« En porc, il existe plusieurs leviers pour agir sur les gaz à effet de serre (GES) » a expliqué Annie Soulier de l’Institut du porc (Ifip) lors du dernier Space à Rennes (1). En matière d’alimentation, cela passe par l’utilisation de matières premières avec moins d’impact environnemental (ressources locales, coproduits). Il s'agit également de réduire la quantité d’azote excrétée (programme multiphase, alimentation de précision…) d'améliorer la digestibilité des aliments et, in fine, d'abaisser l'indice de consommation.
Autre source importante de réduction des émissions : la gestion et le traitement des effluents, grâce par exemple à la méthanisation ou l'augmentation de la fréquence d’évacuation. Les éleveurs peuvent aussi travailler sur la qualité de l’air du bâtiment (lavage d’air, brumisation…) et la consommation d’énergie. « Selon nos hypothèses, pour chaque grand levier, on peut estimer des réductions des émissions d'émissions totales de GES de l’ordre de 10 % pour une rémunération d’environ 20 000 € par an » souligne l’ingénieure.

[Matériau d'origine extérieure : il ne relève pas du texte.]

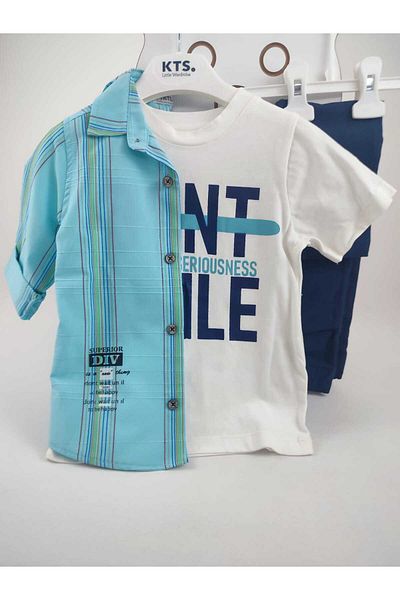 GAMZEAKKUŞ Long Sleeve Stripe Pattern Shirt, Printed T-Shirt and Pants 3-Piece Boy's Set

"Pas d'investissements conséquents"
Des simulations ont été réalisées sur deux élevages du groupement Evel’Up. Dans le premier (600 truies), un nouveau bâtiment engraissement est envisagé avec un raclage à plat, une couverture de fosse (type Nénufar) permettant de récupérer le méthane, et l'installation d’une chaudière à gaz. « Toutes ces mesures permettraient une réduction de 871 t de CO2 émis par an soit une rémunération de 26 000 € sur la base d'un prix de 30 € /t de CO2. Sur la base d’un investissement de 135 000 € et d’un prix du propane à 0,10 €/kg, le retour sur investissement serait de 5 ans sans la rémunération carbone, et de 2 ans avec », détaille Annie Soulier.

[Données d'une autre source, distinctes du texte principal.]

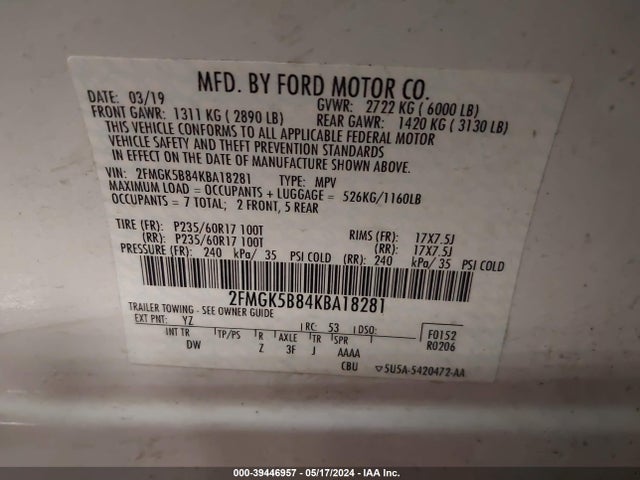 Ford FLEX SE 2019 2FMGK5B84KBA18281 Image 9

Le deuxième élevage compte 750 truies en système engraisseur partiel. Il utilise une fabrique d'aliments à la ferme. Le taux d’incorporation du tourteau de soja dans les aliments croissance et finition a été abaissé de moitié, respectivement de 13 à 6,5 % et de 10 à 5 %. Il est remplacé par un tourteau de tournesol décortiqué d’origine française ajusté avec des acides aminés. Cela entraîne une réduction de 566 t des émissions de GES. « Dans ce cas, on pourrait espérer une rémunération carbone de 17 000 € par an. Au prix de l’aliment en juillet 2022, le surcoût alimentaire serait en revanche de 2 490 € chaque année », précise-t-elle.
« Les leviers d’action sur l'alimentation et la gestion des effluents sont facilement accessibles d’un point de vue technique. Il n’y a pas besoin forcément d’investissements conséquents », indique Loïc Dupont conseiller environnement chez Evel’Up. Ce dernier considère le marché du carbone incertain. " La rémunération permettra d’accompagner dans la démarche, mais on ne fait pas un projet décarbonation pour espérer gagner de l’argent, estime le conseiller. Point positif : toutes les actions qui vont améliorer la compétitivité des élevages vont contribuer à la décarbonation. »
(1) L'Ifip a déposé une méthode bas carbone au Ministère de la transition écologique. Elle pourrait être validée au premier trimestre de 2023.